Get used to the price. That's GTO inflation for you. Most expensive cars ever lol atleast for a Pontiac.


----------



## Poncho Dan (Jun 30, 2009)

Hey if its an official factory repair manual, the price aint so bad. Haynes and Chilton books aren't a whole lot better than an owners manual in my experience... I love how in so many sections they say something to the effect of "Due to the complex nature of X or Y system, it is recommended that you take your vehicle to a service center" :lol: Don't think you can do the "Based on a complete tear down and rebuild" that they advertise.
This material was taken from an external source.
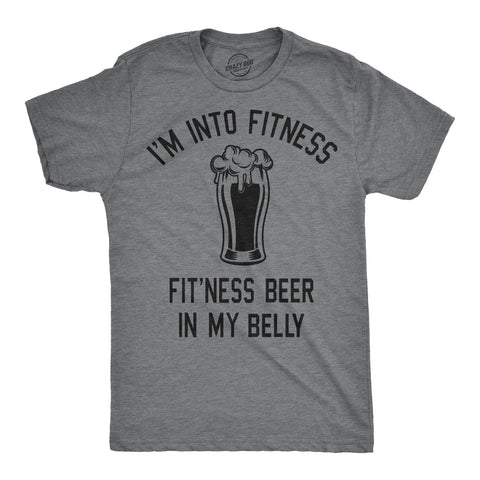 Funny Dark Heather Grey Fitness Beer In My Belly Mens T Shirt Nerdy Saint Patrick's Day Beer Fitness Tee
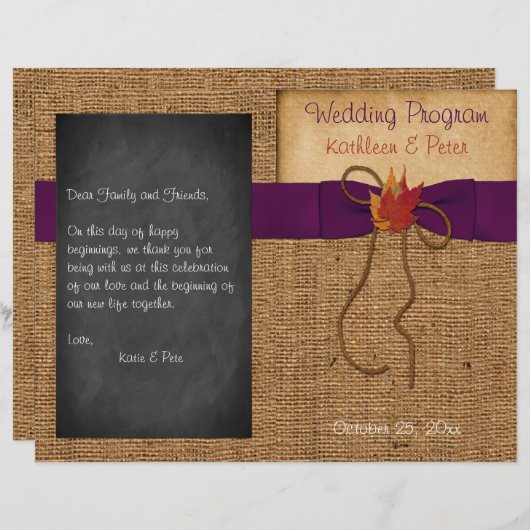 Papier Fall Leaves FAUX Burlap Chalkboard Wedding Program (Devant / Derrière)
They're good for finding the locations of some things, and wiring diagrams and torque specs, but that's about it.


----------



## Q8 GTO (Jun 28, 2009)

the best thing is alldata it is alot better than a book all dealers and good shops use it and i think now they have a virsion that they sell for specific cars for the public


----------



## Poncho Dan (Jun 30, 2009)

Just thought I'd throw this out there: I paid $90 for a factory repair manual (A manual for 1963, with an amendment booklet for the '64 model year changes) for my '64 Grand Prix at a swap meet about 6 years ago & $60 for a book for my '55 Chieftain. I tell you though, worth every penny... those things tell you how to rebuild everything from power steering pumps to differentials.


----------



## GM4life (Mar 18, 2007)

MUSTANGKILLA said:


> GM4life, yep that was what I needed!
> 
> $135.00 is ridiculous though! But what can I do I got to have it. These things are the best thing you can own if you work on your own vehicle. I have honestly never owned a vehicle and not had one. I just never paid $135 for one.
> 
> Thanks again!


Your welcome.:cheers


Poncho Dan said:


> Hey if its an official factory repair manual, the price aint so bad. Haynes and Chilton books aren't a whole lot better than an owners manual in my experience... I love how in so many sections they say something to the effect of "Due to the complex nature of X or Y system, it is recommended that you take your vehicle to a service center" :lol: Don't think you can do the "Based on a complete tear down and rebuild" that they advertise. They're good for finding the locations of some things, and wiring diagrams and torque specs, but that's about it.


:agree


----------



## dlopes89 (Jul 18, 2010)

damn $135... anyone wanna send me photocopies of it haha


----------



## GM4life (Mar 18, 2007)

Check ebay. Sometimes you can find someone with a DVD GM service manual for cheap. Sometimes you will run across one with more GM vehicles than you'll need.


----------



## dlopes89 (Jul 18, 2010)

04-06 repair manual dvds- $20 on ebay... i feel stupid


----------



## LS2 MN6 (Jul 14, 2010)

Paper copies are worth every penny they charge. I've got them for my Corvette, and I just bought the GTO set. The pictures, descriptions, etc cannot be beat.


----------